■ **Data to examine**
== Segment start ==

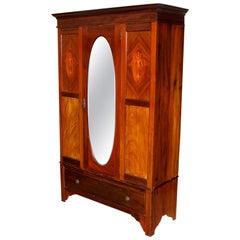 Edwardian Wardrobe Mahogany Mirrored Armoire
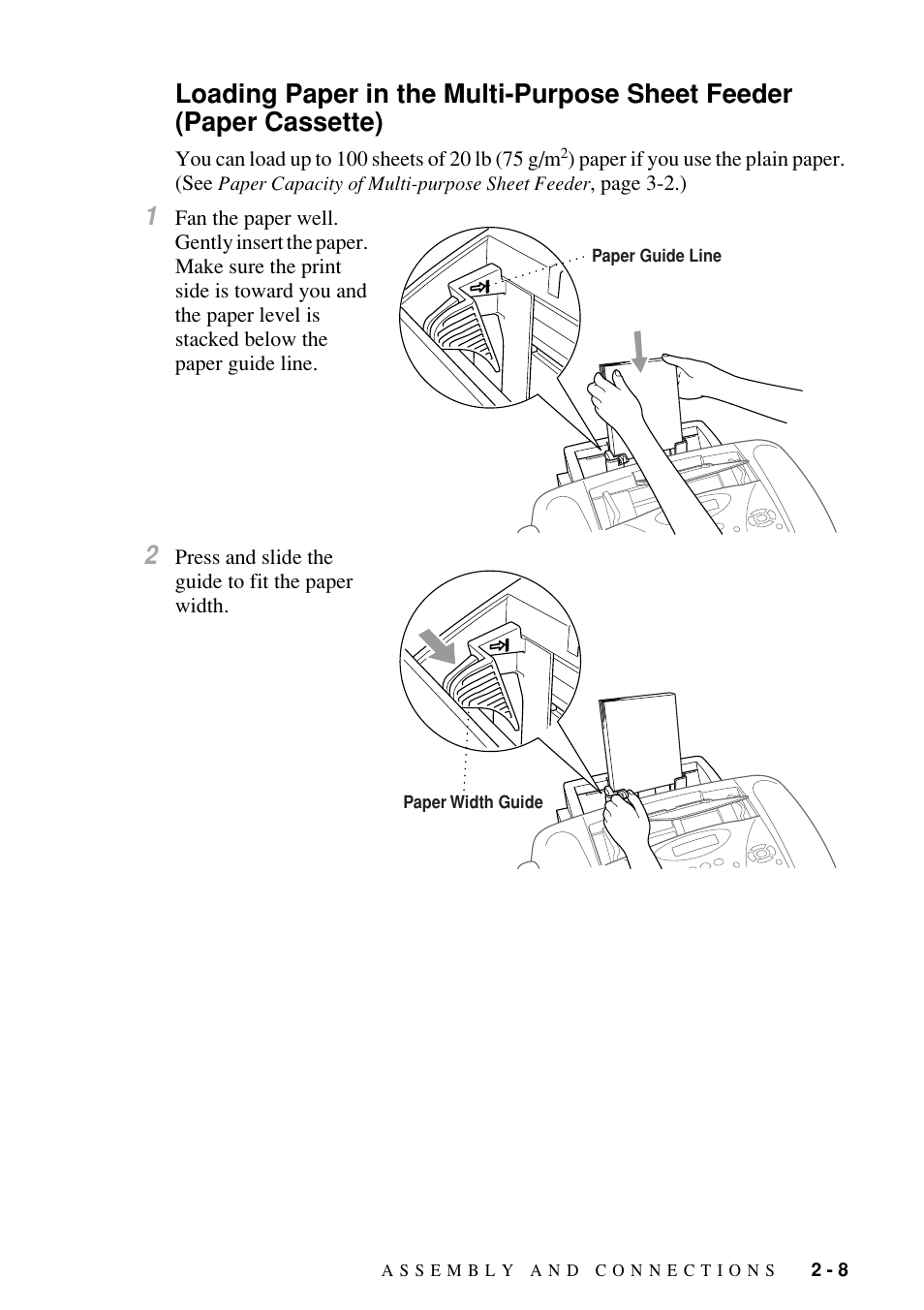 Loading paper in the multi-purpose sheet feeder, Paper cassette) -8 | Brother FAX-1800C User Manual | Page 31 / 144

== Segment end ==
== Segment start ==

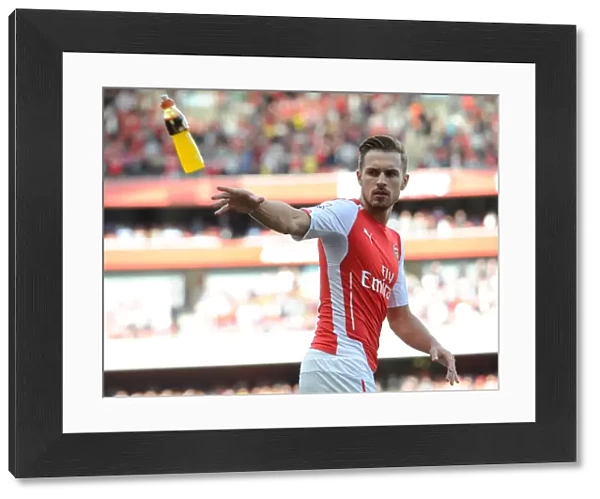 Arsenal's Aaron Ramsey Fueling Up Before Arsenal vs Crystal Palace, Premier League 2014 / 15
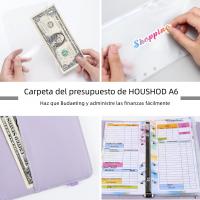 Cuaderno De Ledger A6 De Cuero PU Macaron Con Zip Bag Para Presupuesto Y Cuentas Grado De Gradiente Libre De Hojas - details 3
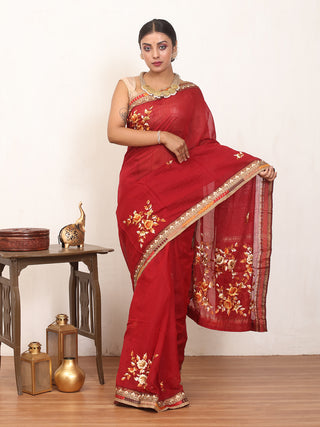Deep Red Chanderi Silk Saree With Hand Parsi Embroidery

== Segment end ==
== Segment start ==

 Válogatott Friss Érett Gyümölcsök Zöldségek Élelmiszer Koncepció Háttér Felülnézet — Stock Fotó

== Segment end ==

■ **Task brief**
The copy should hold only the lines from the one with "Edwardian Wardrobe Mahogany Mirrored Armoire" through the one with "Loading paper in", exactly as they stand above. Leave out the pictures.

■ **Task solution**
 Edwardian Wardrobe Mahogany Mirrored Armoire
 Loading paper in the multi-purpose sheet feeder, Paper cassette) -8 | Brother FAX-1800C User Manual | Page 31 / 144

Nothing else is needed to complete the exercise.